De nombreuses escroqueries ont également mené les utilisateurs à une réelle prise de conscience et à développer une méfiance bien justifiée. On a ainsi prouvé qu’une influenceuse réputée faisait une publicité pour du mascara de l’Oréal et portait en fait de faux cils, ce qui a provoqué un bad buzz[note]. Il y a aussi des cas d’arnaques au dropshipping, une technique de vente sans stock par des intermédiaires et utilisée par des «influvoleurs» pour inventer de fausses promotions ou conseiller des produits non conformes à la réglementation européenne.

Le maître de conférences de l’ULB analyse que les cibles des influenceurs « ont l’impression de systématiquement être confrontés à des annonces publicitaires. Ils ont perdu en crédibilité et, plus que tout, en authenticité puisque les vidéos sont travaillées en amont par les responsables marketing des marques. »

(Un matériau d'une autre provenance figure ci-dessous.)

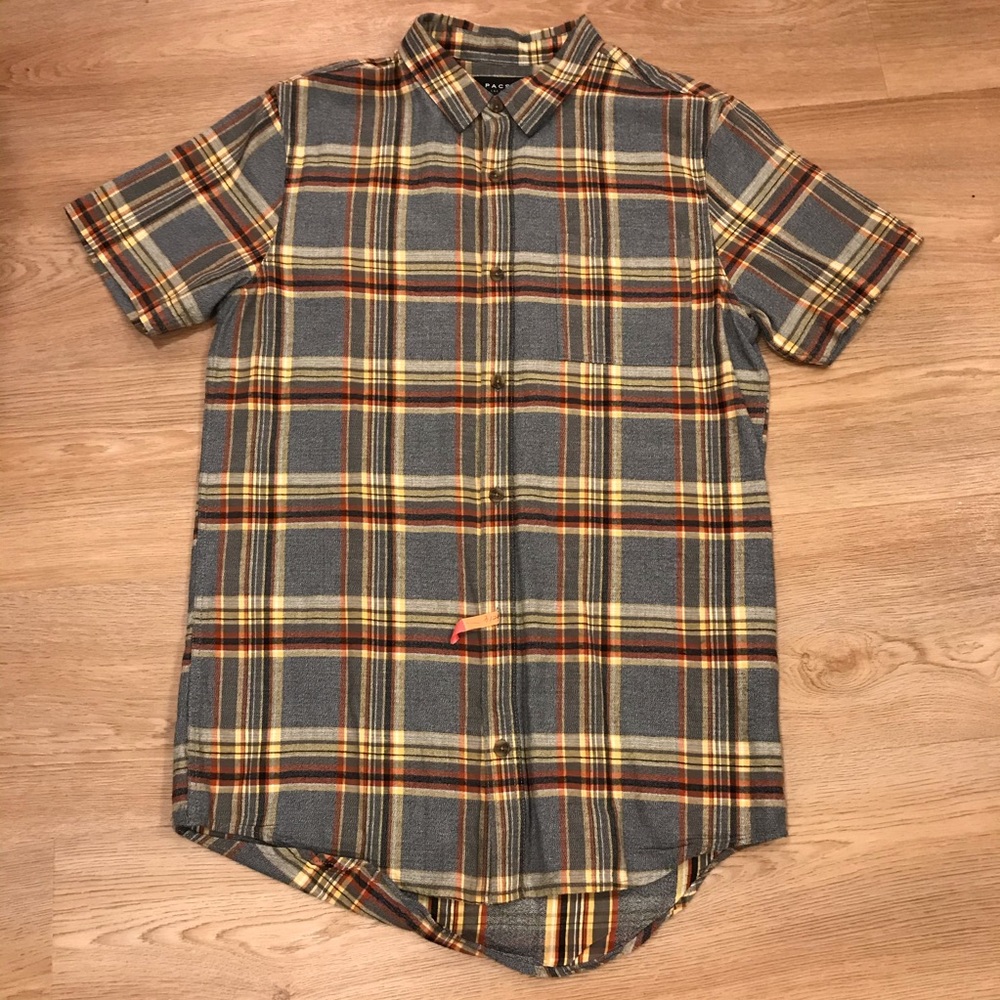 Pac Sun ☀️ Short Sleeve Casual Plaid Button down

Malgré la méfiance en hausse, l’industrie du marketing d’influence se porte toujours à merveille et a généré 16 milliards de dollars en 2022. Une enquête de Google Surveys, menée en avril 2022, révélait toutefois que 41% des consommateurs britanniques ne faisaient jamais confiance aux produits et services proposés dans des vidéos de créateurs de contenus.

Les désinfluenceurs opèrent une forme de « déconsommation ». Cet objectif traduit le fait que si certains vendent des produits, d’autres vendent des idéaux.

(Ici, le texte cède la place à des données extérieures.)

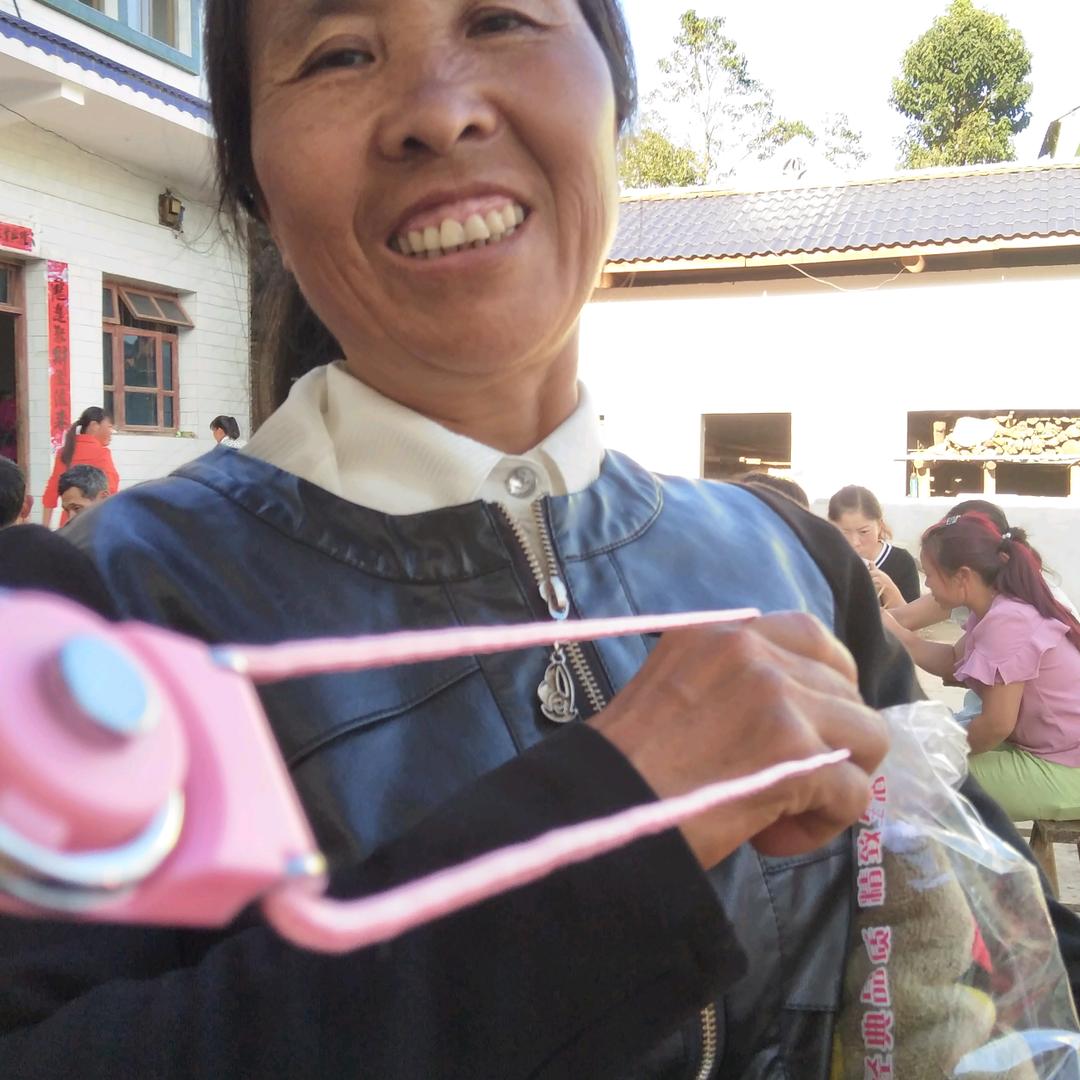 晏忠菊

Dans son mémoire intitulé Les influenceurs et la communication commerciale: enjeux régulatoires, Andréa Jimenez a expliqué comment de nouvelles recommandations plus claires, plus précises et contraignantes « renforceraient la légitimité des influenceurs et le côté professionnel de leur métier, limiteraient les dérives des annonceurs et solidifieraient la mise en garde contre les vendeurs peu scrupuleux ».

Des études montrent « les impacts négatifs que certains influenceurs peuvent avoir sur les jeunes en les poussant à acheter des produits de contrefaçon, mauvais pour leur santé ou même issus de marques qui ne fournissent jamais la commande payée ». Cela a incité les pouvoirs publics à s’emparer du sujet. La France a voté une loi sur l’influence qui a déjà mené à des condamnations. Le gouvernement belge a, quant à lui, dévoilé, en janvier 2024, un document qui incite les influenceurs à préciser quand ils font de la pub. Ce n’est qu’un premier pas, mais il est la preuve que l’on s’y intéresse de plus en plus… Et cela crée de l’espace pour les désinfluenceurs.

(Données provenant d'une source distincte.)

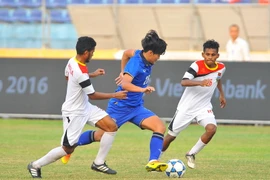 U19 Thái Lan (áo xanh) vượt qua U19 Timor Leste để giành vé vào chung kết. (Ảnh: Minh Đức/TTXVN)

Les trop rares désinfluenceurs sont motivés par la question climatique et peuvent donc tourner le dos à des marques comme Shein et Temu, à l’impact environnemental désastreux. Les désinfluenceurs ont cette capacité de mettre en lumière des enjeux sociétaux qui peuvent sensibiliser un public peu tourné vers les médias traditionnels.